What the exercise asks
Send back the line that contains "two children scaling a small climbing wall" and all lines following it through the end of the data below, exactly, omitting pictures.

Input data
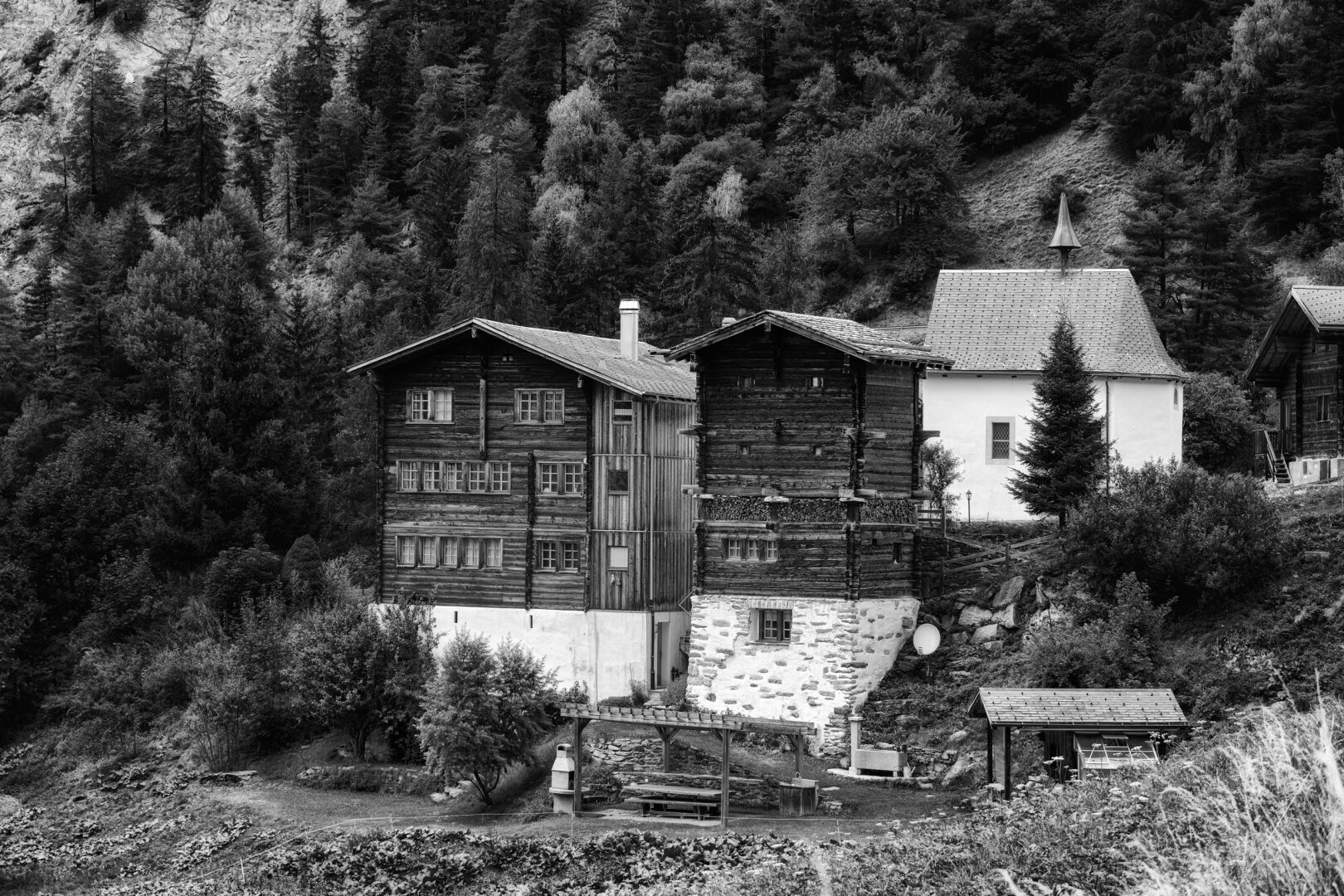 Dunkle, wettergegerbte Holzhäuser mit weissen Sockeln stehen dicht gedrängt an einem steilen, bewaldeten Berghang im Walliser Binntal. Rechts daneben ragt eine kleine, weiss verputzte Kapelle mit spitzem Turm empor, flankiert von einer einzelnen Tanne. Im Vordergrund erstreckt sich ein terrassierter Garten mit einem kleinen Sitzplatz unter einer Pergola, während im Hintergrund dichte Nadelwälder den Hang hinaufwachsen. Die kontrastreiche Schwarzweiss-Ausarbeitung hebt die Texturen des alten Holzes und des Mauerwerks besonders plastisch hervor.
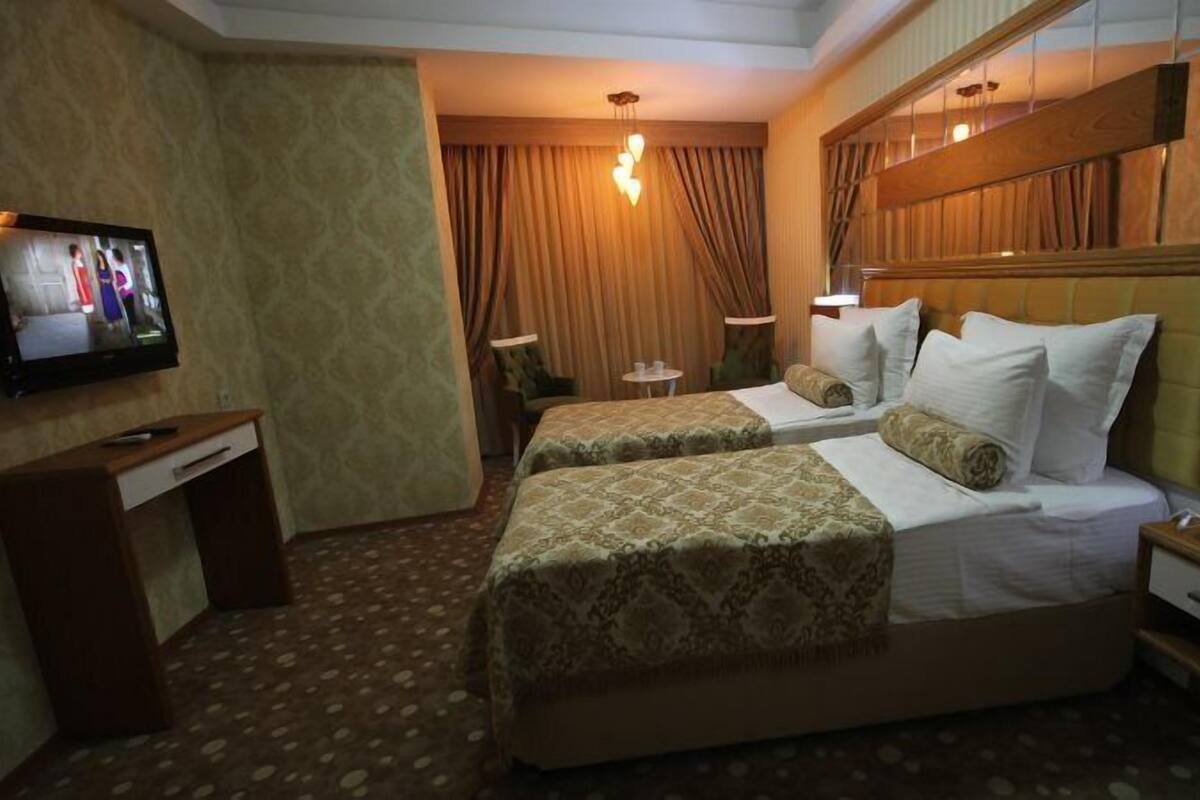 A hotel room with two beds, a desk, a TV, and a bedside table with a phone.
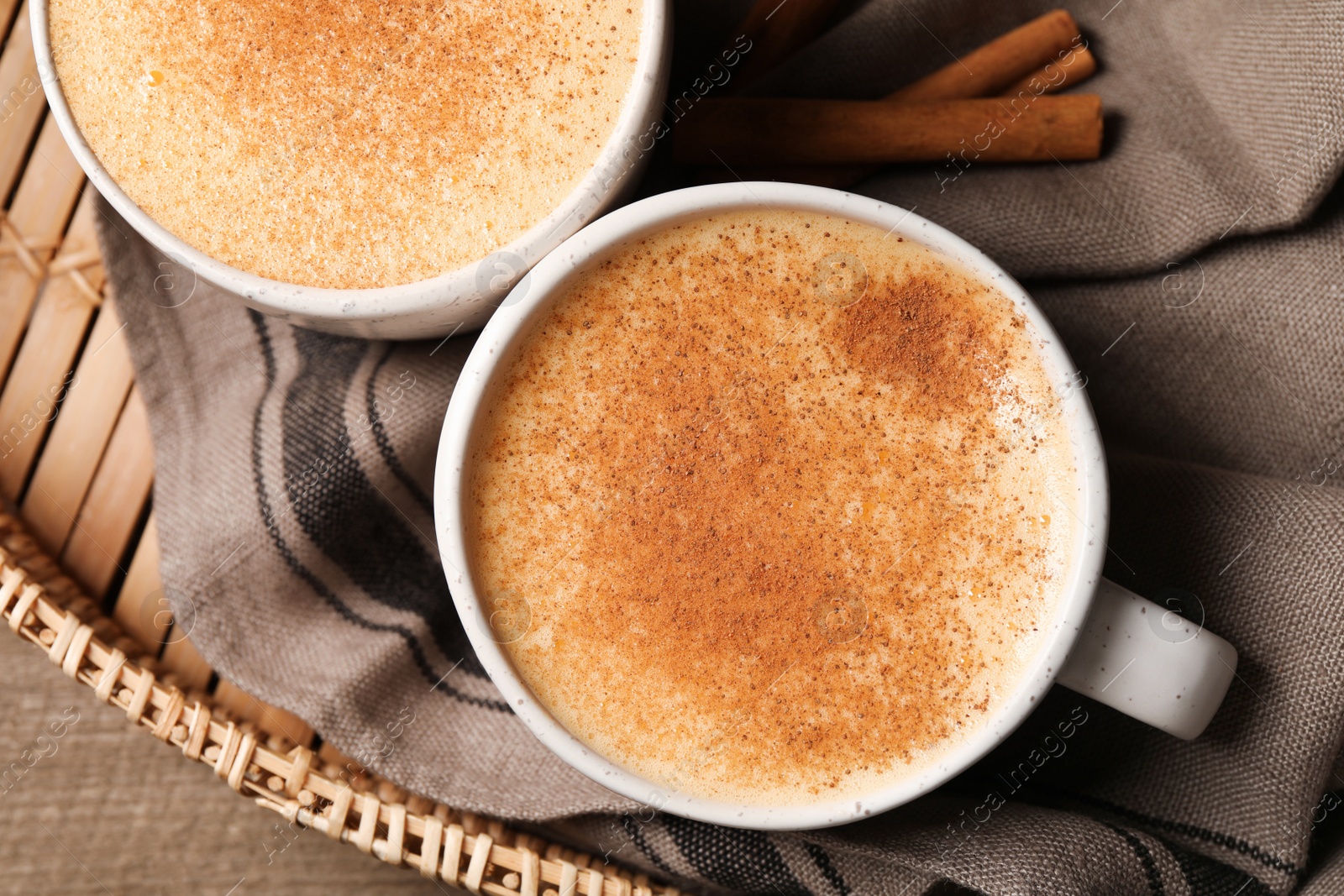 Photo of Delicious eggnog with cinnamon on wooden table, top view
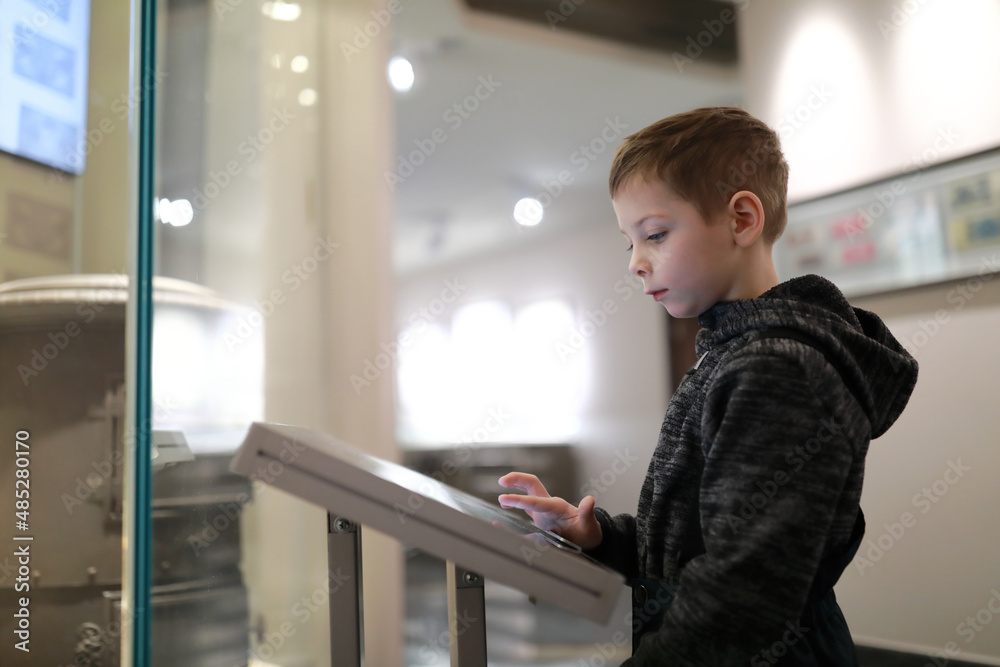 Boy using touch screen in Entertainment Center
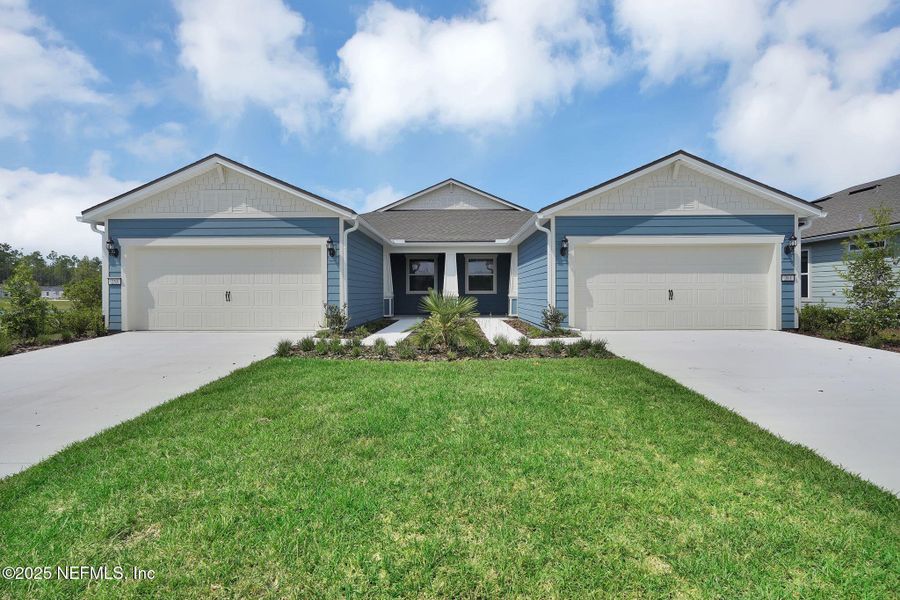 Front exterior of a new home in , Yulee, FL, highlighting curb appeal (Image 18).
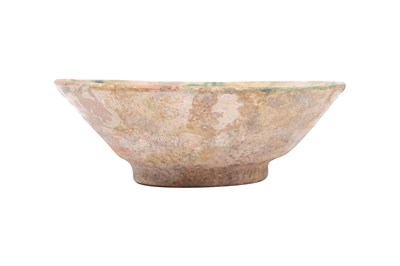 Lot 1 - A ABBASID POTTERY BOWL WITH STYLISED KUFIC CALLIGRAPHY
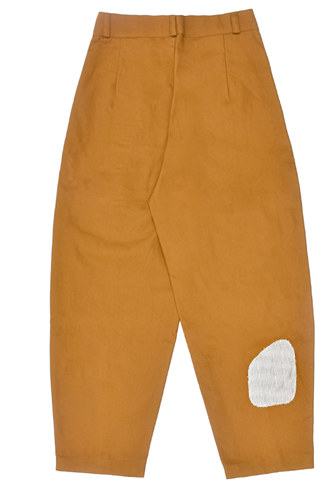 Brown pants with a white patch on a white background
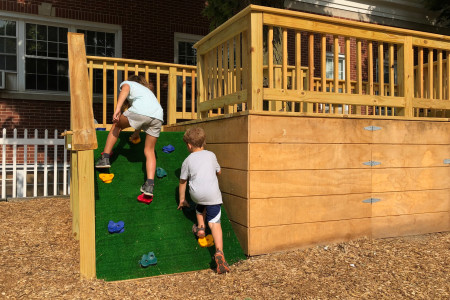 two children scaling a small climbing wall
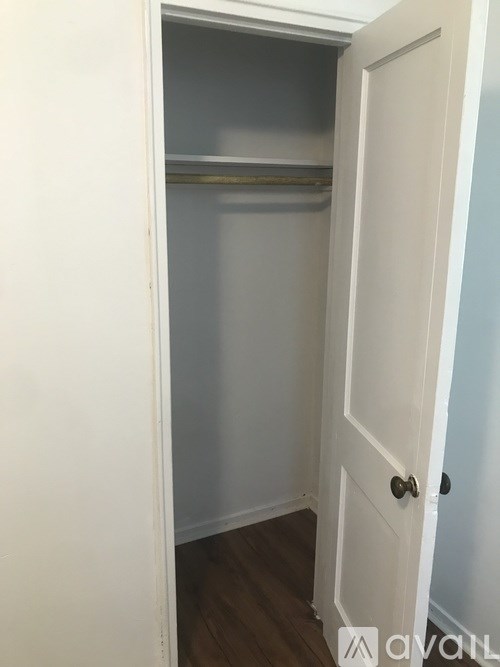 A white door is open to a small, empty room with a wooden floor.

Solved exercise
 two children scaling a small climbing wall
 A white door is open to a small, empty room with a wooden floor.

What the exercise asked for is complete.